I'm trying to parse this XML file

<DB>
    <Entry>
        <Name>Assembly.iam</Name>
        <DisplayName>Assembly.iam</DisplayName>
        <Scalar>
            <Name>d0</Name>
            <DisplayName>d0 (value = 0 mm)</DisplayName>
            <Value>0</Value>
        </Scalar>
        <Scalar>
             <Name>d1</Name>
             <DisplayName>d1 (value = 0 mm)</DisplayName>
        <Value>0</Value>
        </Scalar>
    </Entry>
    <Entry>
        <Name>Ground.ipt</Name>
        <DisplayName>Ground.ipt</DisplayName>
        <Scalar>
            <Name>Ground_length</Name>
            <DisplayName>Ground_length (value = 160 mm)</DisplayName>
            <Value>160</Value>
        </Scalar>
        <Scalar>
            <Name>d2</Name>
            <DisplayName>d2 (value = 80 mm)</DisplayName>
            <Value>80</Value>
        </Scalar>
    </Entry>
</DB>

In fact, I would like to get the data which are into <DisplayName></DisplayName>. Then, I would like to put that data into an array of tuples like this

[(Assembly.iam,[d0 (value = 0 mm), d1 (value = 0 mm)]),
(Ground.ipt,[Ground_length (value = 160 mm), d2 (value = 80 mm)])

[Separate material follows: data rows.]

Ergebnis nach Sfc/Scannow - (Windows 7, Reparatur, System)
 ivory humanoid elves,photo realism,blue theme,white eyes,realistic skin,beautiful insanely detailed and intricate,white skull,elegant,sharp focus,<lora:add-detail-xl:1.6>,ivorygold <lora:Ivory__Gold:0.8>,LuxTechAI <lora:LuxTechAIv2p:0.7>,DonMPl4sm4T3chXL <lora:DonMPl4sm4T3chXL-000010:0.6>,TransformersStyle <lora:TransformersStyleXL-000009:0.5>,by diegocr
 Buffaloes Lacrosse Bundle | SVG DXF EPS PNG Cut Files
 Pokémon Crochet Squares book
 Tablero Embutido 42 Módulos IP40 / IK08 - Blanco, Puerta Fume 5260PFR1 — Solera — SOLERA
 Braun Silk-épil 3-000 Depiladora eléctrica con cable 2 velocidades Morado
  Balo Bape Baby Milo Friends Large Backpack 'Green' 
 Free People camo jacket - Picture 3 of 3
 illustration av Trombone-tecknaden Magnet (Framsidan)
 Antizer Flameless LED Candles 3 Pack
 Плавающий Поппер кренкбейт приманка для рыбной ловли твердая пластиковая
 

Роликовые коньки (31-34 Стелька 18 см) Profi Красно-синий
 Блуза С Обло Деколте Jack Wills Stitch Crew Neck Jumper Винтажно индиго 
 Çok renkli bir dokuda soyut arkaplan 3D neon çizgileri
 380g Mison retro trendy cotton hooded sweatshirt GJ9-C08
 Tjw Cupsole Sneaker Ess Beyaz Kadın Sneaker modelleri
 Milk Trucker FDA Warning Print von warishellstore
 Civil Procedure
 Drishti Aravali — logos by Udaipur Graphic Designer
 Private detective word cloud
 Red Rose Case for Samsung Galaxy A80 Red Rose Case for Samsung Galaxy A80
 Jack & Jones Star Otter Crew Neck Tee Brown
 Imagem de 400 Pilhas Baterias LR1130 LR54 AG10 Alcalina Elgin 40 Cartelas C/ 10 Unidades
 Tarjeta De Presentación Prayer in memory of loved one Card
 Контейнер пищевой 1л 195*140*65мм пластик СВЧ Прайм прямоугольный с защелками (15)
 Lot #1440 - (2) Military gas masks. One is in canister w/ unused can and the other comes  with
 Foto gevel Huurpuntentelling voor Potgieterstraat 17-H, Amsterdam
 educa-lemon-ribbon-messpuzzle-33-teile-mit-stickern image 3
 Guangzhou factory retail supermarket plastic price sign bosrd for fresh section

I have tried to use the xml.etree.cElementTree library with this code

from xml.etree import cElementTree
import numpy as np

workingDir = "C:/Users/Vince/Test"
newStrWorkingDir = str.replace(workingDir, '/', '\\')
tree = cElementTree.parse(newStrWorkingDir + "\\test.xml")
root = tree.getroot()
tab = np.empty(shape=(0, 0))
tabEntry = np.empty(shape=(0, 0))
tabScalar = np.empty(shape=(0, 0))

for entry in root.findall('Entry'):
    entryNames = entry.findall("./DisplayName")
    entryNamesText = entry.find("./DisplayName").text
    tabEntry = np.append(tabEntry,entryNamesText)
    for scalar in entry.findall('Scalar'):
        scalarNames = scalar.findall("./DisplayName")
        scalarNamesText = scalar.find("./DisplayName").text
        tabScalar = np.append(tabScalar,scalarNamesText)
        tab = np.append(tab,(entryNamesText,scalarNamesText))

print(tab)

But it outputs me this

['Assembly.iam' 'd0 (value = 0 mm)'
'Assembly.iam' 'd1 (value = 0 mm)'
'Ground.ipt' 'Ground_length (value = 160 mm)' 
'Ground.ipt' 'd2 (value = 80 mm)']
1

There are 1 answers

0
Daniel On BEST ANSWER

To get your wanted structure, you have to build lists of lists:

import os
from xml.etree import cElementTree

workingDir = "C:\\Users\\Vince\\Test"
tree = cElementTree.parse(os.path.join(newStrWorkingDir, "test.xml"))
root = tree.getroot()
tab = []

for entry in root.findall('Entry'):
    entry_name = entry.findtext("./DisplayName")
    scalar_names = [e.text for e in entry.findall('Scalar/DisplayName')]
    tab.append((entry_name, scalar_names))
print(tab)